## Task to carry out
Each line of the records that follow must come back exactly, with pictures skipped.

## Listed entries

*** Begin section ***

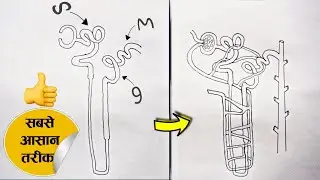 How to draw nephron diagram | easy way to draw nephron diagram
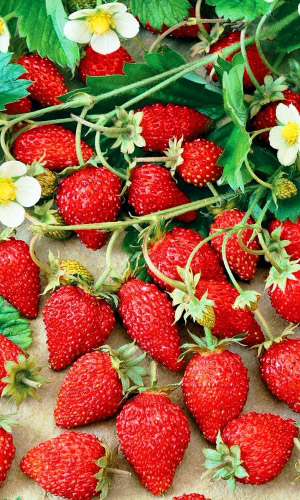 Земляника Красная шапочка - альпийская (УД) 0,05 гр цв. п.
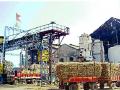 कारखान्यांना साखर निर्यातीतून २१४ कोटी - Marathi News | 214 crore from sugar exports to factories | Latest sangli News at Lokmat.com
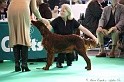 Crufts2011 097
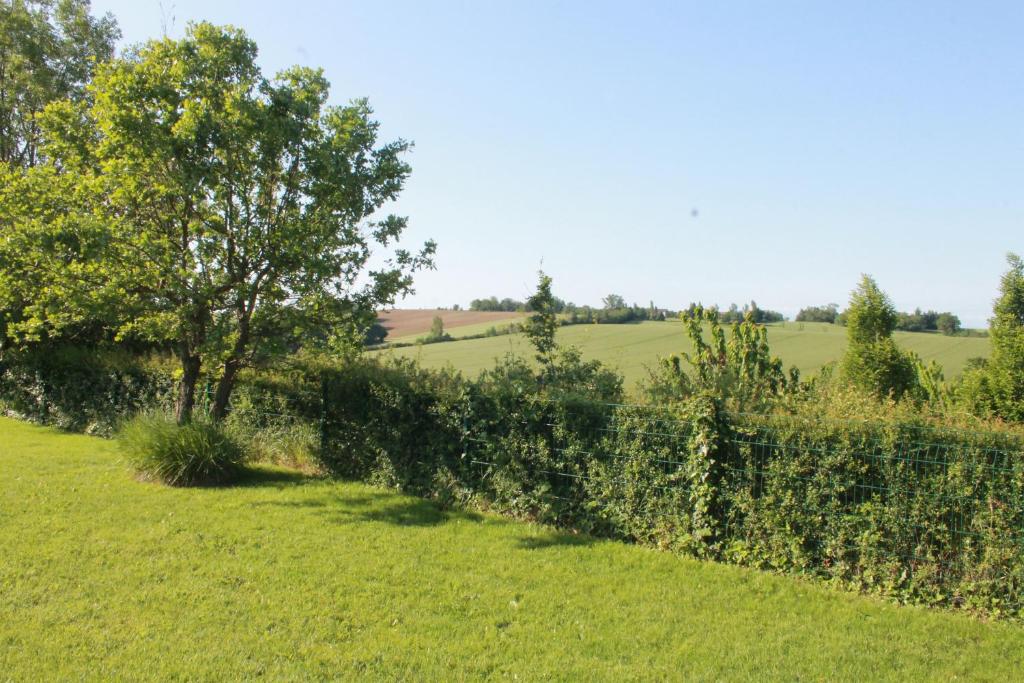a hedge in a field with a tree in the background at La Naillousaine in Nailloux
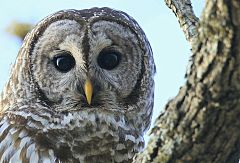 Barred Owl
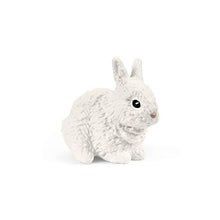 Load image into Gallery viewer, Schleich Farm World 14-piece Rabbit and Guinea Pig Hutch Toy Set with Animal Figures for Kids Ages 3-8, 5.7 x 19 x 11.5 cm
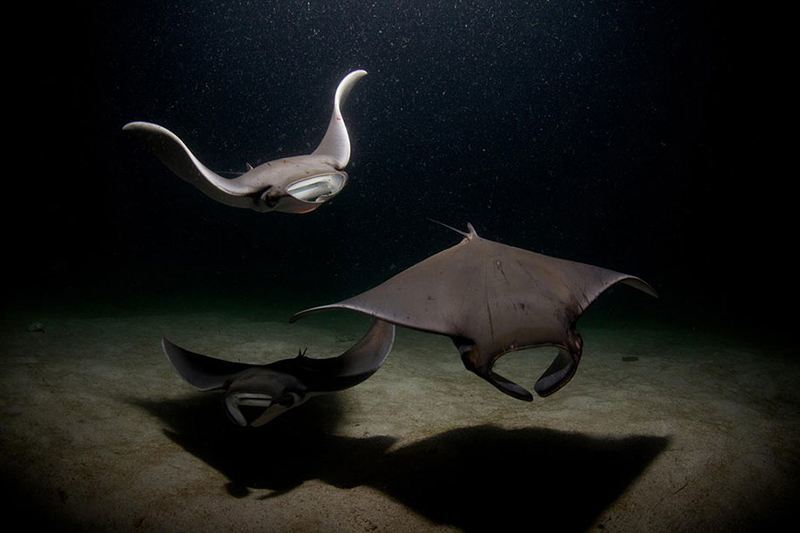 Smithsonian Mobula Rays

*** End section ***

## Reply
 How to draw nephron diagram | easy way to draw nephron diagram
 Земляника Красная шапочка - альпийская (УД) 0,05 гр цв. п.
 कारखान्यांना साखर निर्यातीतून २१४ कोटी - Marathi News | 214 crore from sugar exports to factories | Latest sangli News at Lokmat.com
 Crufts2011 097
a hedge in a field with a tree in the background at La Naillousaine in Nailloux
 Barred Owl
 Load image into Gallery viewer, Schleich Farm World 14-piece Rabbit and Guinea Pig Hutch Toy Set with Animal Figures for Kids Ages 3-8, 5.7 x 19 x 11.5 cm
 Smithsonian Mobula Rays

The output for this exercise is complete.